When visitors walk to the edge of Glen Canyon outside Page, Arizona, they see the famous landmark that’s in photographs all over the world: Horseshoe Bend, a curved flank of orange Navajo sandstone carved by the green water of Tóóh Bikooh, or, in English, the Colorado River. I’ve swam in that current countless times, first as a kid after my family moved to the Navajo Nation when I was seven years old, and later as a river guide in my teens and 20s. To the Indigenous Navajo people, those waters ignore words like “epoch” and “millennia.”  

What many visitors might not know is that Horseshoe Bend is just one part of a canyon where tribes — the Anasazi, the Paiute, and the Diné (Navajo) — once grew crops, hunted, and lived and died for centuries. It’s also where I would have brought my daughter, if she had grown old enough to paddle a kayak. Now, I will never see her do this. 

Raft and kayaks in Colorado River in Grand Canyon
Author Jim Kristofic spent much of his youth working as a guide on the Colorado River.

Merrill Images/Getty Images

In 1963, the Sierra Club pronounced that Glen Canyon, a stretch of nearly 200 miles of twisting, sinewy rock walls snaking from southern Utah into northern Arizona, was dead. The decade before, the Bureau of Reclamation had begun constructing the Glen Canyon Dam, and by the mid-1960s, a 700-foot tall wall of concrete had drowned most of Glen Canyon beneath the rising waters of what was then rechristened Lake Powell. The human rights of local Indigenous communities, which relied on the canyon for food, shelter, and spiritual rites, were blithely ignored. Just 16 miles of the canyon, including Horseshoe Bend, was spared. The majority of Glen Canyon’s ecosystem, along with more than 3,000 ancient home sites, was lost.

The Sierra Club and other environmental groups mourned that loss. Back in 1869, when the canyon was still intact and healthy, Major John Wesley Powell described gliding along the Colorado River “hour after hour,” stopping now and then as his attention was “arrested by some new wonder.” He journaled about “towering monuments,” “fern-decked alcoves,” and “oak-set glens” (hence the name). 

But did the people who pronounced the death of this place stand at the overlook of Horseshoe Bend and see the plants and wildlife that still live there? The herons, the peregrine falcons, the bighorn sheep — do those animals know they’re living in a so-called “dead” landscape? What does it mean to die? No one knows but those who’ve done it. 

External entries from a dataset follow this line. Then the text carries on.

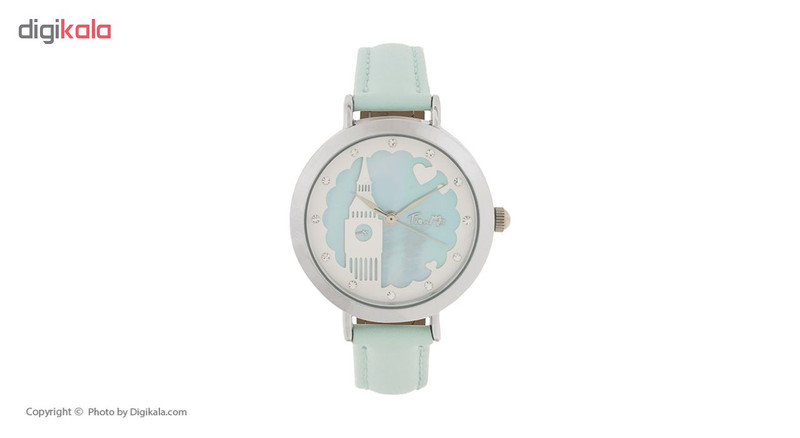ساعت مچی عقربه ای دخترانه مدل TM-048 ساعت مچی عقربه ای دخترانه مدل TM-048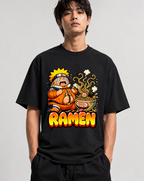 Funny Ramen Food Monster Chubby Ninja Anime Streetwear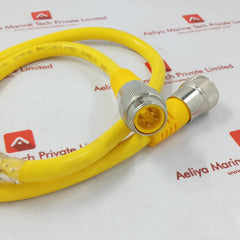 Turk Rsm Rkm 46-1M Minifast Molded Cordsets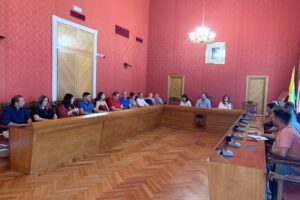 414 vecinos de Tomelloso serán notificados próximamente tras realizar hoy el sorteo para la formación de mesas electorales del 23 de julio.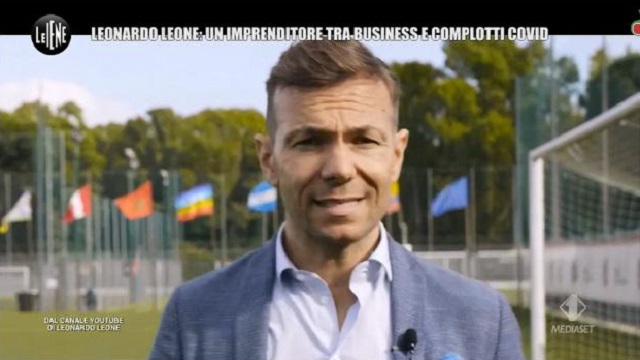 Le Iene Show diretta 26 maggio leone
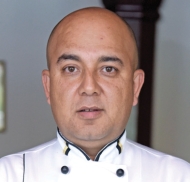 Santosh Subedi KC Executive Sous Chef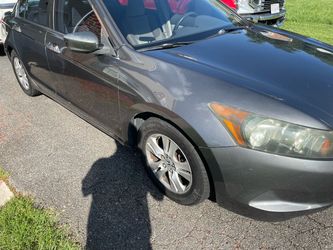 2008 Honda Accord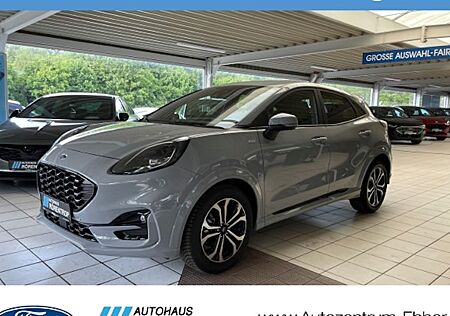 Ford Puma 1,0 EcoBoost Hybrid 92kW ST-Line 5 Türen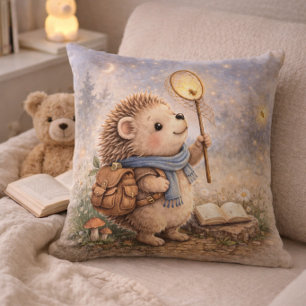 Almofada Quarto Infantil & Berçário deouriço-cacheiro e vag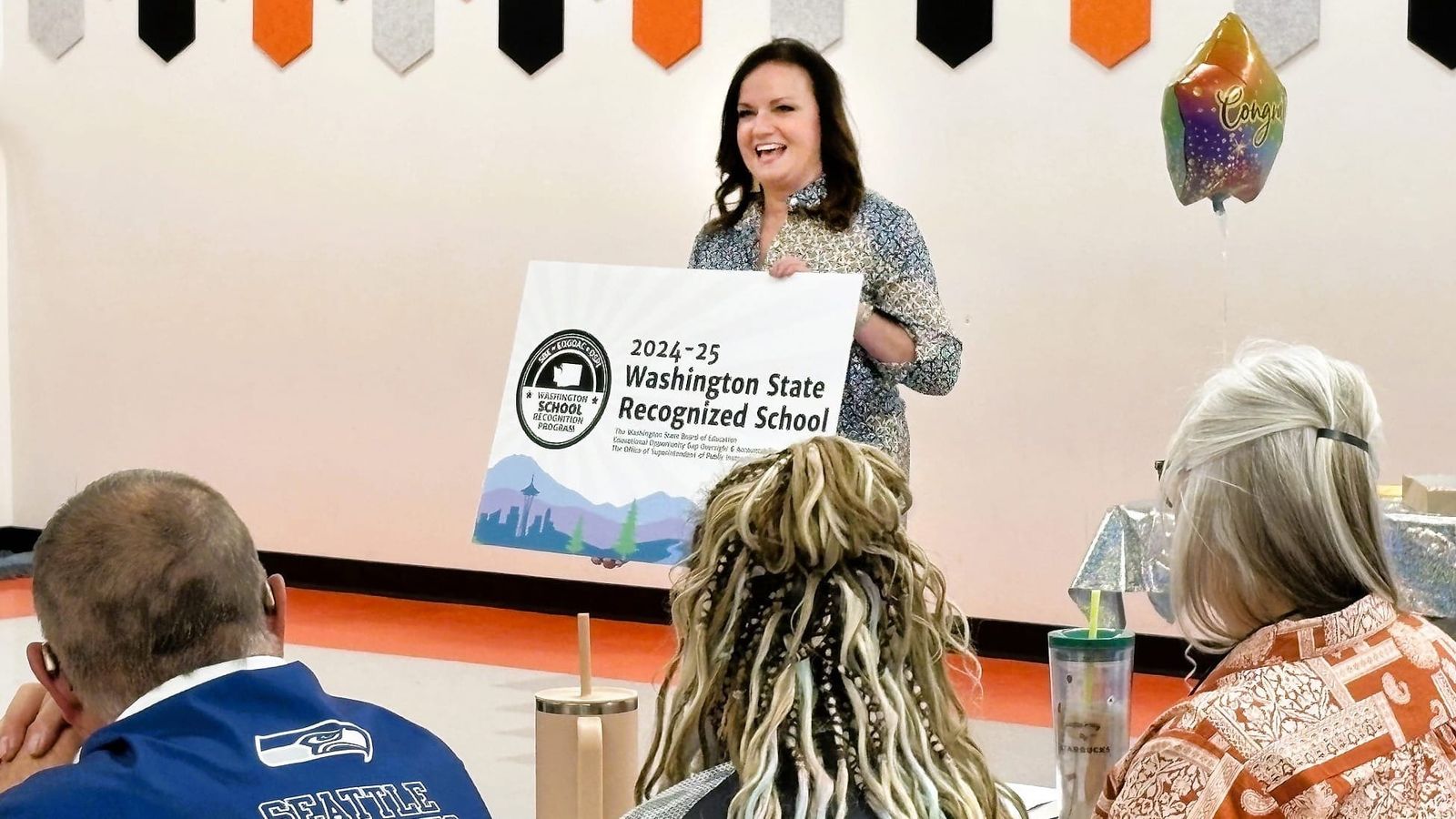 State lauds Columbia Ridge for 'low income' student progress post image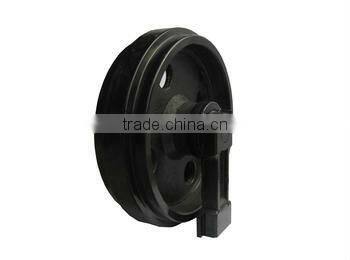 Excavator Idler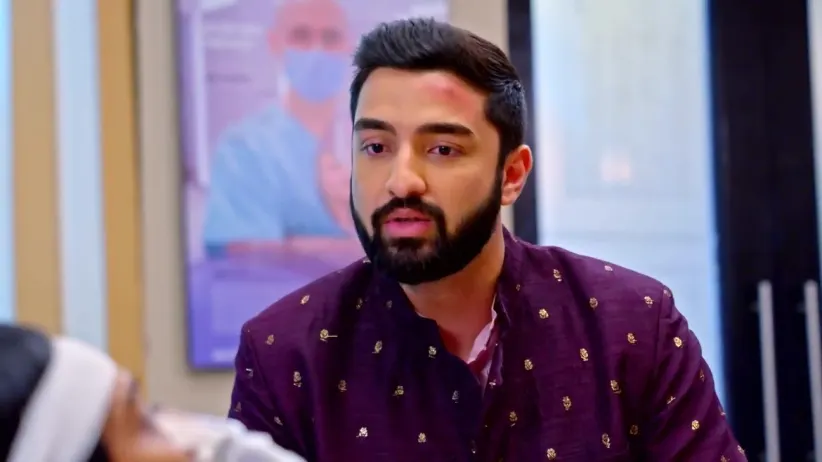 Rishi Comes to Tell Lakshmi He Loves Her | Bhagya Lakshmi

My daughter knows. Less than a year ago, she was born and then passed away. She was four and a half pounds. I dug her grave, wrapped her in a baby blanket, and laid her in the earth. Now, I see her all the time. She is never where I am not. 

Glen Canyon is sacred to the Navajo, the nation I was not born into but fortunate enough to learn from and grow up in. After my daughter’s passing, I decided to go to the canyon to make an offering and show the gods what had been taken away from me. Like the canyon, I wanted to show that things pronounced “dead” often find ways to live. 

In June I drove to Page, Arizona, where I had rented a kayak from Kayak Lake Powell to chart 16 miles of the Colorado River. After another local outfitter, Wilderness River Adventures, hauled me upstream, I dropped my kayak at the beach closest to the dam. Amid willow trees near the shore, I found the remains of a great blue heron (łtł’áá halééh, or “The One Who Walks on the Water”). The Diné believe the heron wandered along the rivers of the First World, a spiritual place at the beginning of time when all creation formed in darkness, and still invoke the bird in prayers for protection. The animals often speak for the diyin dine’é, the divine Great Ones. I buried its bones. I sobbed beside the river. I placed my feet into the cold water and splashed it on my neck.

Tó éí iina is a phrase that means “water is life.” When I returned to my kayak, I paddled under peregrine falcons and drifted beside green ferns growing along springs in the canyon wall. That night, when I set up a campsite, bats flitted through the yellow evening twilight. Beetles clicked across the sand, just like they did in the origin stories about the First World.

I tracked the planet turning by watching the stars disappear beyond the stony edges of the canyon rim, a thousand feet overhead. Those rocks formed when dinosaurs walked the earth, many worlds ago. Over time the Colorado River carved away what later became known as Glen Canyon, and what was buried lives again. I looked at the canyon in the moonlight. For this place to be here, I thought, so much had to be taken away.  

A desert bighorn sheep along the Colorado River in Grand Canyon National Park, Arizona
A desert bighorn sheep alongside the Colorado River.

William Dummitt/Getty Images

In the morning, I packed camp, refilled my water bottle from the river, and paddled downstream to find the place where I would make my offering. I had a tailfeather from né’éshjaa’, a great horned owl, the messenger between this world and the spirit world. The Diné use these feathers in ceremonial sand paintings and to help maintain healing. 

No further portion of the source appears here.